> Input data
* * * *

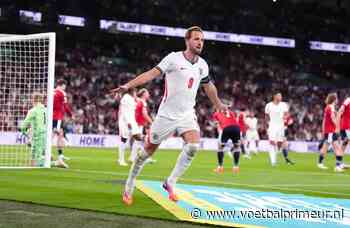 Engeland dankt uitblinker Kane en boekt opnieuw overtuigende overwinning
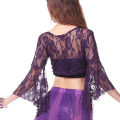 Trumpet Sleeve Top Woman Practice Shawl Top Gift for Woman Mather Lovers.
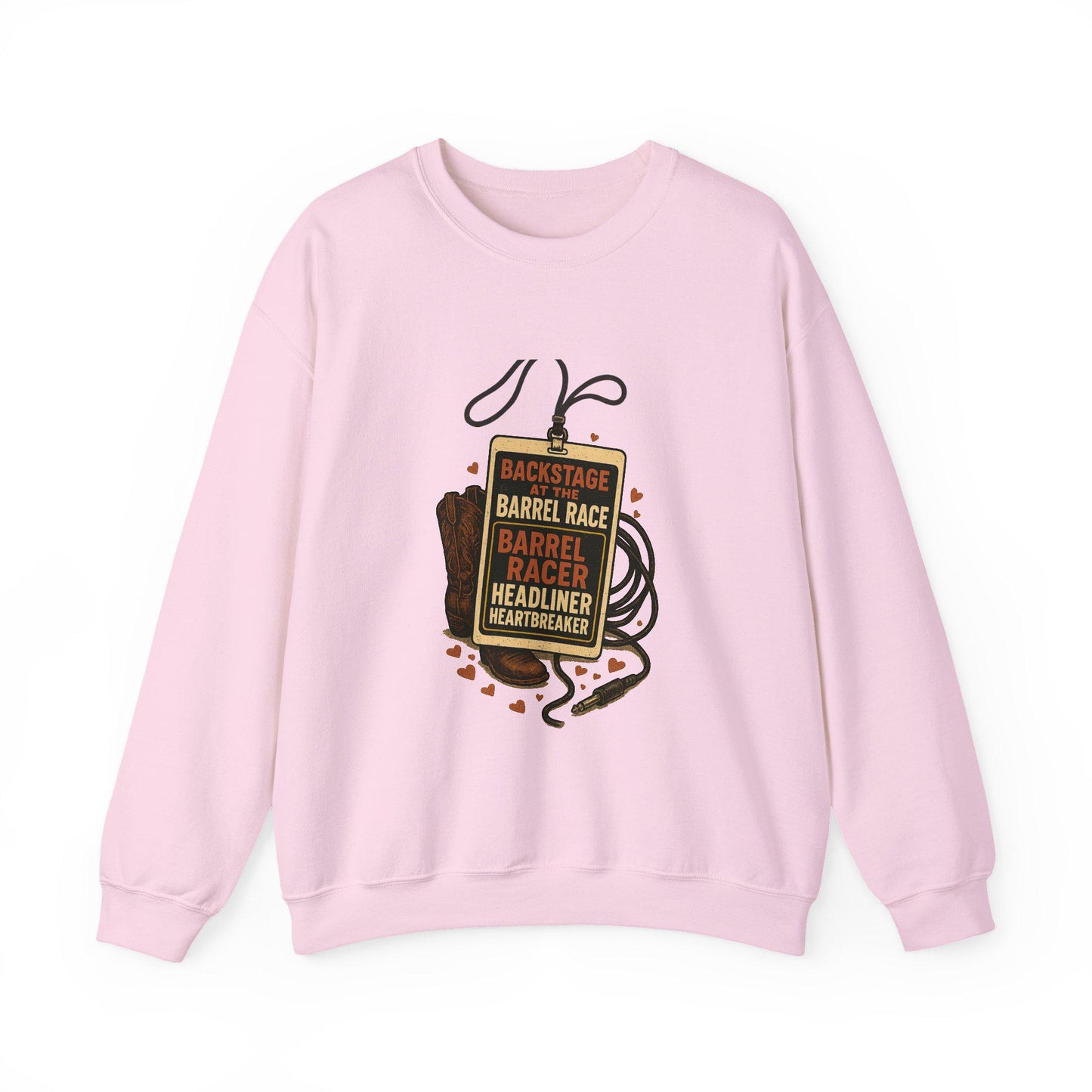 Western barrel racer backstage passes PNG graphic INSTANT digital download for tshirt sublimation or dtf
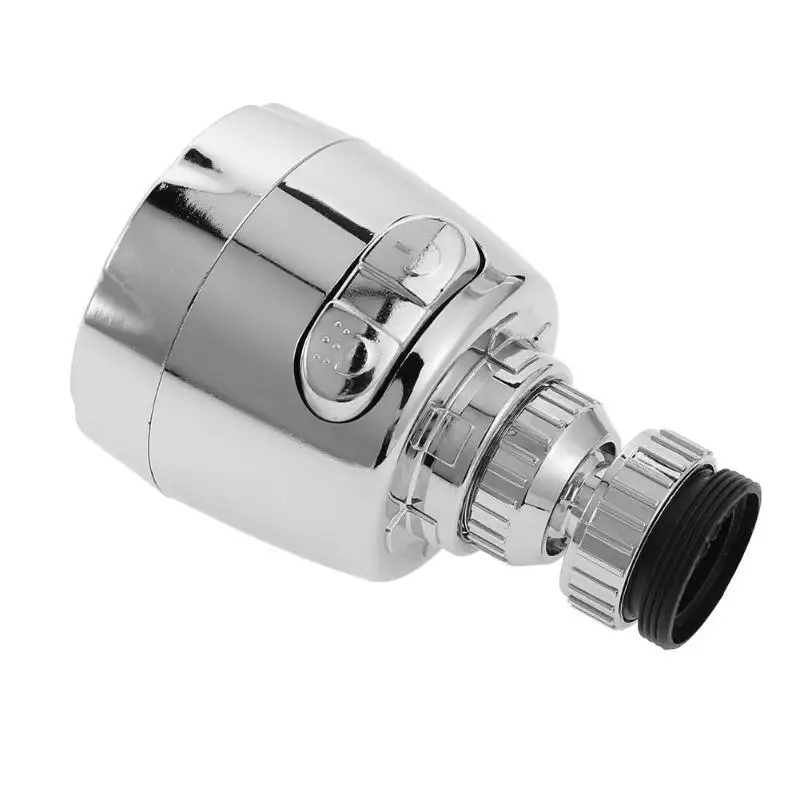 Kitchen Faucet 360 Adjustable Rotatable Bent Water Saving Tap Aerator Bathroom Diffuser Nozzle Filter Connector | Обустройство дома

* * * *

> Try it
Only the pictures are to be dropped; the rest of the material above must be duplicated exactly.

> Exercise output
 Engeland dankt uitblinker Kane en boekt opnieuw overtuigende overwinning
 Trumpet Sleeve Top Woman Practice Shawl Top Gift for Woman Mather Lovers.
 Western barrel racer backstage passes PNG graphic INSTANT digital download for tshirt sublimation or dtf
 Kitchen Faucet 360 Adjustable Rotatable Bent Water Saving Tap Aerator Bathroom Diffuser Nozzle Filter Connector | Обустройство дома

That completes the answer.